[bip] replacing those shell scripts ... the PipeChain

Giovanni Marco Dall'Olio dalloliogm at gmail.com
Tue May 12 01:39:02 PDT 2009


On Thu, May 7, 2009 at 3:46 PM, James Casbon <casbon at gmail.com> wrote:
> So I often want to use the unix toolchain to get a quick idea of some
> data.  You know, grep this, cut that, sort, etc.  I often find myself
> thinking that I won't use python because writing all those Popen(blah,
> stdout=PIPE) is just too verbose.  However, this means that the
> migration from shell script to python script has an annoying little
> little bump.

Do you mind me a bit of self-spam?
Have a look at makefiles.

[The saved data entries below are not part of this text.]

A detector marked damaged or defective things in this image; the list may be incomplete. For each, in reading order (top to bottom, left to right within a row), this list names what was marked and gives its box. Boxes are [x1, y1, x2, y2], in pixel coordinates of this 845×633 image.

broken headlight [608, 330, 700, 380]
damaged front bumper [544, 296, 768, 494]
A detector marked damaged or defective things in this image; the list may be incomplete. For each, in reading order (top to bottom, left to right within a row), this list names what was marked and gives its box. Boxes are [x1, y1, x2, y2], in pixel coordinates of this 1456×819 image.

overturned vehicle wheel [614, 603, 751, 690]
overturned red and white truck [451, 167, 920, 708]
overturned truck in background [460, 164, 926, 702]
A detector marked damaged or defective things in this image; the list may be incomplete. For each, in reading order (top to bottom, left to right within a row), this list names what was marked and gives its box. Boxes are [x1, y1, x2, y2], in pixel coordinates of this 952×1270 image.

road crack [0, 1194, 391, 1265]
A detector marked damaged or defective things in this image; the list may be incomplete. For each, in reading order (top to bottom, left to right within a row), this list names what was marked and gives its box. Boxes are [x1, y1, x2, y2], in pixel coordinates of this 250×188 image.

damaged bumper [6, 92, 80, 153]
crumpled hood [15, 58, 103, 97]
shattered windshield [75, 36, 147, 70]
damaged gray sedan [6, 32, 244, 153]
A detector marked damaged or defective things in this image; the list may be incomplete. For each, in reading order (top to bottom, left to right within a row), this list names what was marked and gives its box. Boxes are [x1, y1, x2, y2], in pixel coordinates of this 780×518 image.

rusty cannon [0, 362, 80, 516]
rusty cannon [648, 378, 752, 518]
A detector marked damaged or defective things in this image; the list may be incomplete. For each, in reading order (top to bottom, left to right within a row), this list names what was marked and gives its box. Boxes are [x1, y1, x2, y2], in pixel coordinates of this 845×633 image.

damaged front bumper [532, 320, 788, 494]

Here it is a slideshow I wrote some time ago:
- http://bioinfoblog.it/2009/03/seminar-on-makefiles-in-bioinformatics/

If you need to coordinate various shell scripts, it is better to use make.
Example of makefile:
"""
grep_results:
     grep ^x ......
     python ......

results.txt:
     python calculate_result.py ....

all: results.txt grep_result
"""
Typing "make all" on a shell will execute the instructions saved as
results.txt and then grep_results

Other advantages of make: conditional execution (avoid to regenerate
results which have already been calculated), standard syntax,
installed on most systems.


If you want to stay with python, there are tools already written in
this language.
For example: scons, paver, waf.
I can't help you with these because I don't use them.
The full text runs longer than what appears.